Issues 2004 – Education

Jeff posted his take on the education debate last thursday and I am only now getting around to replying. I took my “no child left behind due to blogging act” seriously this weekend.

Education is a huge deal. We have a great education system in this country. Our K-12 education system has its challenges, but our college and university system in this country is outstanding.

I think that one of our great strengths versus other countries and other societies is that we have not turned eduction into some kind of rote learning experience. Our kids come out of our education systems, both K-12 and collegiate level, with a better ability to create, innovate, and respond to the changing dynamics of the work place.

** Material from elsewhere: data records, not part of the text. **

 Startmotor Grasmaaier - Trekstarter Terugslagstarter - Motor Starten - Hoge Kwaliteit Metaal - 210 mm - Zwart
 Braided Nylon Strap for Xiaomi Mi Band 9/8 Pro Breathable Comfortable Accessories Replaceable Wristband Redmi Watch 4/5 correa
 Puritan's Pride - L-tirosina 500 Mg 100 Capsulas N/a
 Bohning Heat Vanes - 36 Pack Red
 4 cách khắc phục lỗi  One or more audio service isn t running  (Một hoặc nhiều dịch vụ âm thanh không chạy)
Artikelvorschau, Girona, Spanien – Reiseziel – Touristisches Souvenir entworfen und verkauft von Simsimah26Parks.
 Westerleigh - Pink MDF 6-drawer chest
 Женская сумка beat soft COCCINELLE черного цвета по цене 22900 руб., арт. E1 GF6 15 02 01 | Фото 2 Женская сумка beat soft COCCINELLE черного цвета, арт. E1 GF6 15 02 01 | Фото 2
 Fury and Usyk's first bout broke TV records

I am not a fan of the No Child Left Behind Act and the reliance on testing that our country is turning to in an effort to improve our schools. This will take us in the direction of other countries who treat education like mass production and we’ll be a weaker world competitor as a result.

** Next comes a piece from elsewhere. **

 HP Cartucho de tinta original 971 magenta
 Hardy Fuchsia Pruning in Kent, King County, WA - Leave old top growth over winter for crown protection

I posted last week on progressive education and although it was not meant to be a reply to Jeff’s Eduction post, it serves that purpose pretty well. It outlines what I think is the best way to educate a kid.

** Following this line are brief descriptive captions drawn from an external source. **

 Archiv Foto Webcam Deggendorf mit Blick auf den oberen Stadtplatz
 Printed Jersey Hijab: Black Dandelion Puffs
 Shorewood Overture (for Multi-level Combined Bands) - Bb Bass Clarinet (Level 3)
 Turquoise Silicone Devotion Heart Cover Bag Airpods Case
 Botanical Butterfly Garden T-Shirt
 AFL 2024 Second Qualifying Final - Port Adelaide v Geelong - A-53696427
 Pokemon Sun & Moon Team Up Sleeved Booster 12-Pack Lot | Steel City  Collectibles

I would like to see these techniques encouraged in our public schools. And I would like to increase the compensation levels for public school teachers. I ran into a guy running for Congress the other morning on the way to my kids school. He was campaigning by the West 4th Street Subway stop. I forget his name but I took his flyer. Most of his positions were forgettable, but one was not. He proposed making public school teachers’ salaries tax free at the federal, state, and local levels. That would instantly produce a 30-40% increase in teacher compensation. I like that idea a lot.

Another thing we must do in our public schools is reduce class sizes. You can not teach to each kid as an individual with 30-40 kids per class. We need to reduce public school class sizes to below 30 and ideally below 25. That will require an investment in additional teachers and school facilities. But its a must if we really intend to improve our public schools.

There are those who would eliminate our public school system and rely instead on a for-profit system. I think that would be a terrible mistake. Our public school system has served our country incredibly well for a very long time. It’s not time to scrap it. It’s time to improve it and invest in it for the next century.